Interpretive Summary: Curry leaves infested with Asian citrus psyllid nymphs were treated at different temperatures for various durations with and without a disinfectant to determine nymph death and removal rates as well as resultant curry leaf tissue damage. Treatments at 50°C or those involving the disinfectant typically resulted in 100% nymph death, the most nymph removal (~24%) occurred after treatment at 40°C with the disinfectant, while treatments at 40 and 0°C for 5 min with the disinfectant resulted in a minimal, insignificant increase in curry leaf tissue damage. These results may be very useful in amending current decontamination options for citrus and citrus relative foliage.
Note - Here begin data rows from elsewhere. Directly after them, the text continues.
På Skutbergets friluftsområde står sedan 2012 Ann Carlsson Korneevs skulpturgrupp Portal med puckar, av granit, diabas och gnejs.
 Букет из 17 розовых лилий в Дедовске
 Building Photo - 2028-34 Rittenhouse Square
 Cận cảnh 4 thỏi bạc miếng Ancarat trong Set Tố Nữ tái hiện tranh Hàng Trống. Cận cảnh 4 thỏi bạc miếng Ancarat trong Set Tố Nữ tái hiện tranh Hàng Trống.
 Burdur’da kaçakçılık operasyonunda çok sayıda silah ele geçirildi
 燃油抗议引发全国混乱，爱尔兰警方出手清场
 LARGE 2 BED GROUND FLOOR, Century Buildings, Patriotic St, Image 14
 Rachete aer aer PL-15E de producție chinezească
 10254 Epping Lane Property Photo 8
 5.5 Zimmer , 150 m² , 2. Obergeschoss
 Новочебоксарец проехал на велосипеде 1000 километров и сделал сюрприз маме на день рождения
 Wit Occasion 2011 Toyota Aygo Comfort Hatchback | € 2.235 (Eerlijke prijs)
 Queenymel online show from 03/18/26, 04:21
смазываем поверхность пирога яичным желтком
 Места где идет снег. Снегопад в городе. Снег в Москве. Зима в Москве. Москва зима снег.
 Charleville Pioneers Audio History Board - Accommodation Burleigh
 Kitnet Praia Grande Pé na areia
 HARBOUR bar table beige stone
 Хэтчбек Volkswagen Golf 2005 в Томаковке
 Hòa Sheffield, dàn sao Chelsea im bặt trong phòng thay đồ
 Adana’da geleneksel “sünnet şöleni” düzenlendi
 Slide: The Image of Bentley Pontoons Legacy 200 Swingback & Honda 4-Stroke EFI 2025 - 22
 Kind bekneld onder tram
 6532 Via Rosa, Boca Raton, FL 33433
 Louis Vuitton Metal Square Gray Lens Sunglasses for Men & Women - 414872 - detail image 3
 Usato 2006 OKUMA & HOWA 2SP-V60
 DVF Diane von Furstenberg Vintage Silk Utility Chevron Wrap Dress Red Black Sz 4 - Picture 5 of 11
Technical Abstract: Studies were conducted to evaluate treatments that reduce survival and attachment of Diaphorina citri nymphs on infested curry leaves (Bergera koenigii). Decontamination of curry leaves infested with D. citri in relation to disinfectant (none or Pro-San), temperature (0, 40, and 50°C), and treatment duration (0, 5, 10, and 20 min) was examined using a split-split plot design. Experiments were performed three times. Treatment duration did not significantly affect D. citri nymph survival or removal (P > 0.2). Temperature and disinfectant each significantly affected D. citri nymph survival and removal (P < 0.031). The interaction of temperature and disinfectant was significant with respect to nymph survival (P < 0.0001) but did not significantly affect removal (P = 0.4589). Tissue damage was significantly affected by temperature (P = 0.0056), duration (P = 0.0023), the interaction of temperature and duration (P = 0.0320), and the interaction of disinfectant, temperature, and duration (P = 0.0410). Of the treatments resulting in 100% D. citri nymph mortality on infested curry leaves, 40°C for 5 min with Pro-San was accompanied with the least proportion curry leaf tissue damage (0.14 greater than untreated control, P = 0.25). Results from these studies may be useful in formulation of future regulatory policies regarding trade of citrus foliage, especially those used as condiments.